____ Data shown
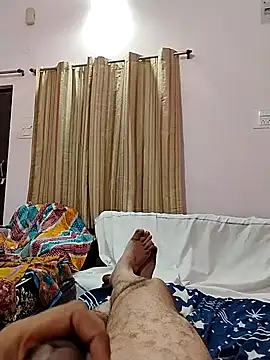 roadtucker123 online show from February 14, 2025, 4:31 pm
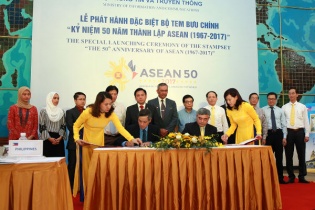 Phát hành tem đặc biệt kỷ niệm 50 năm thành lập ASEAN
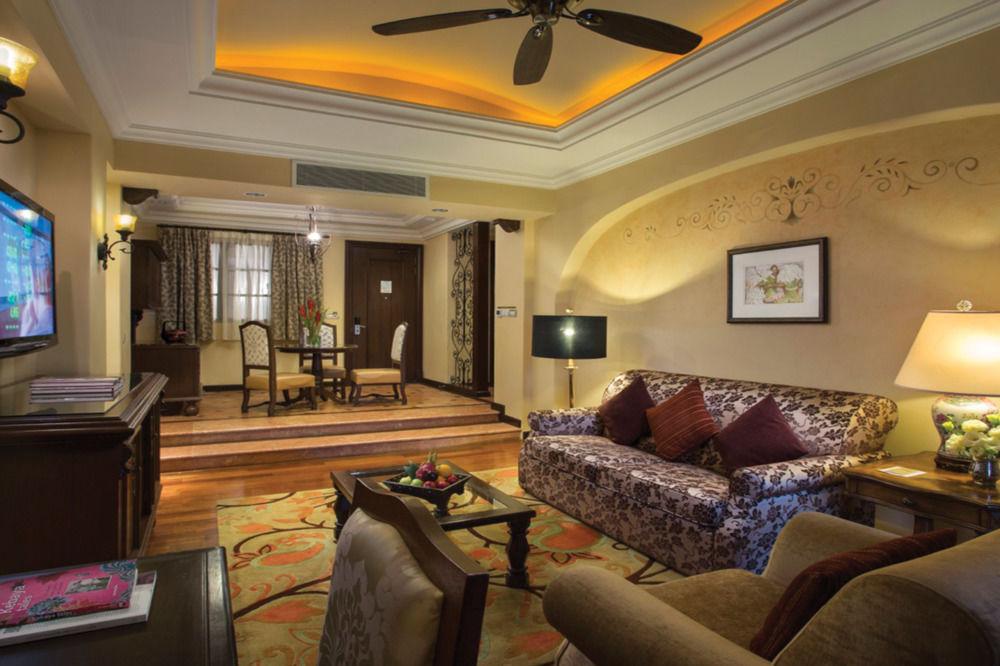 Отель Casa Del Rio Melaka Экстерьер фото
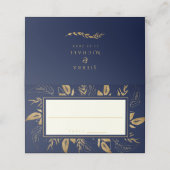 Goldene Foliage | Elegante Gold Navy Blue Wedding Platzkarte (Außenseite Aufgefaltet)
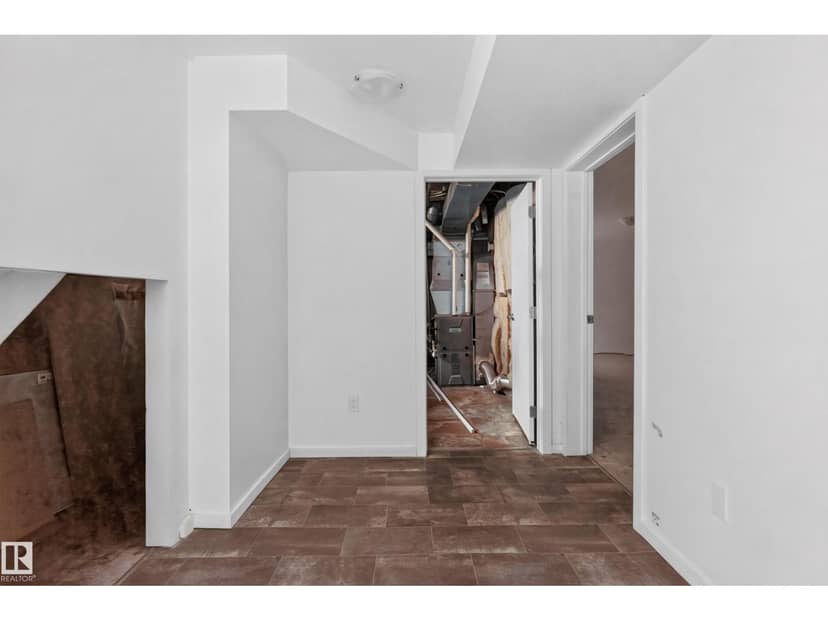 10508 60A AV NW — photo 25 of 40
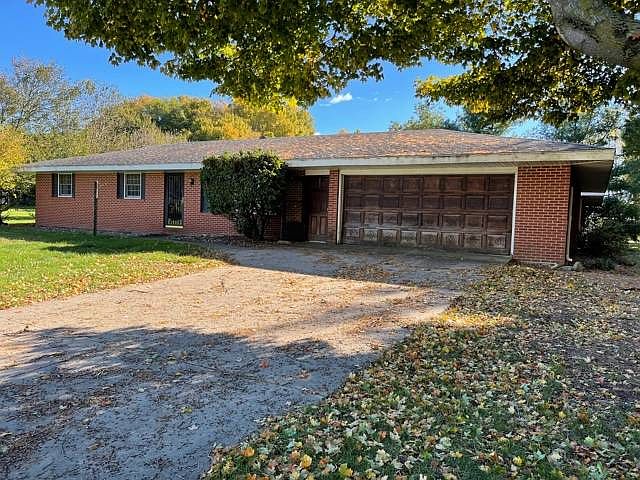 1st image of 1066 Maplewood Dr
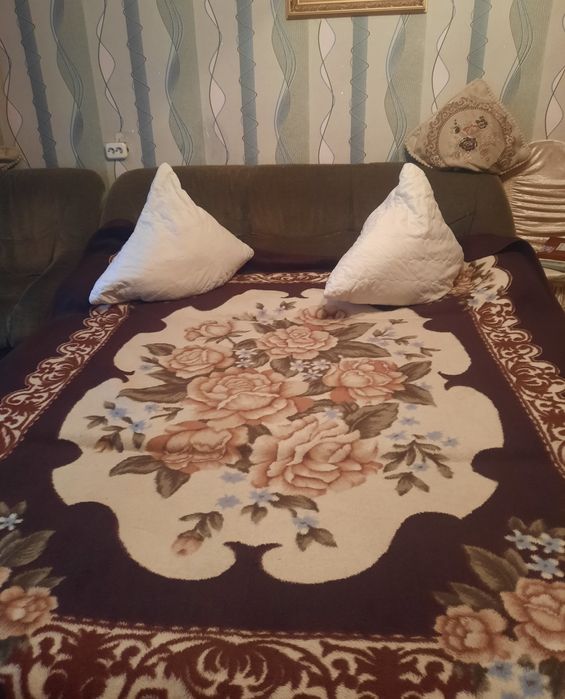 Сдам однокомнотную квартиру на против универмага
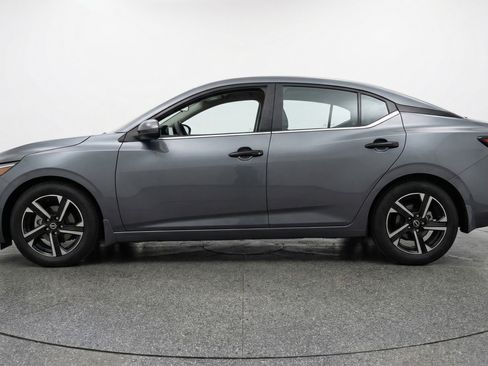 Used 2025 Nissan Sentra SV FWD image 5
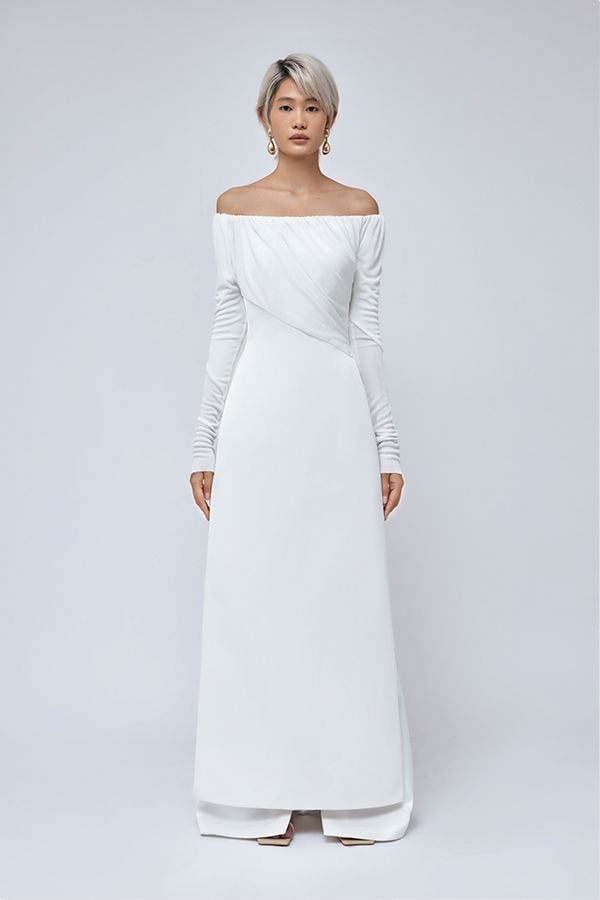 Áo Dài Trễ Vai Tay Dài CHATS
________
____ Data shown
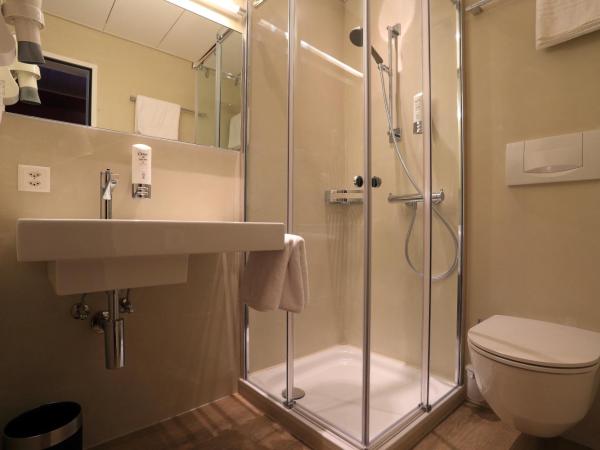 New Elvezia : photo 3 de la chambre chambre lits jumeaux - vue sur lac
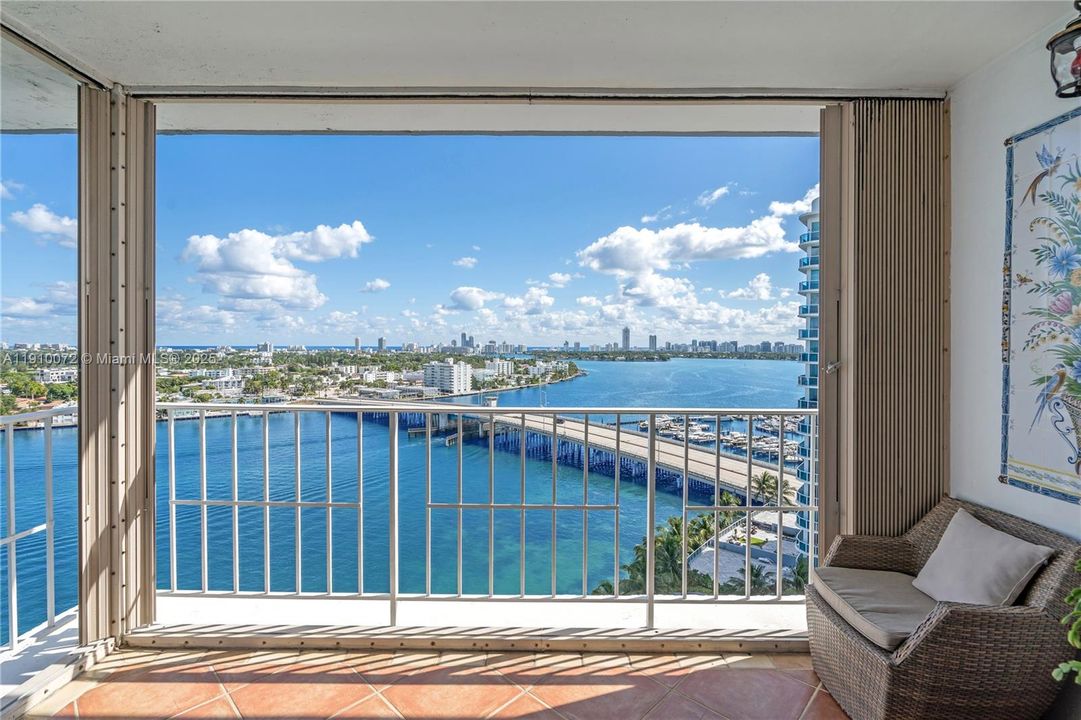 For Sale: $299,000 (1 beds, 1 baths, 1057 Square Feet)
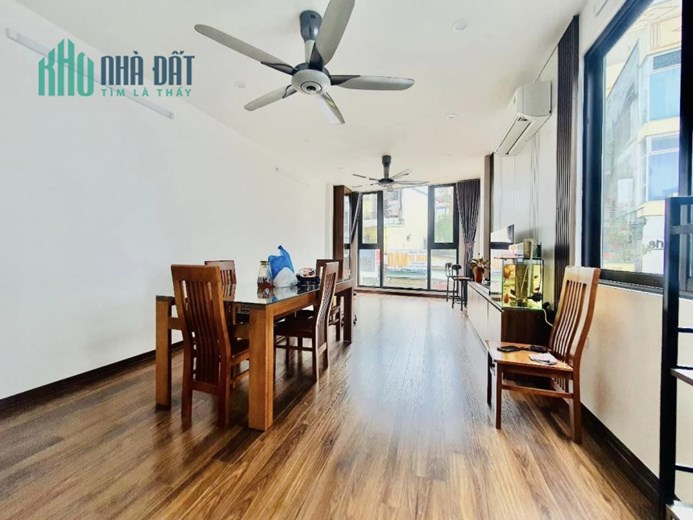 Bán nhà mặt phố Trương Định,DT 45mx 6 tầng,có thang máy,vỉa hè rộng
________
# [To do]
When copying from the data above, print only the lines from the line containing "Used 2025 Nissan Sentra SV FWD image 5" to the line containing "Áo Dài Trễ Vai Tay Dài CHATS", exactly, and leave the pictures out.

# [Task response]
 Used 2025 Nissan Sentra SV FWD image 5
 Áo Dài Trễ Vai Tay Dài CHATS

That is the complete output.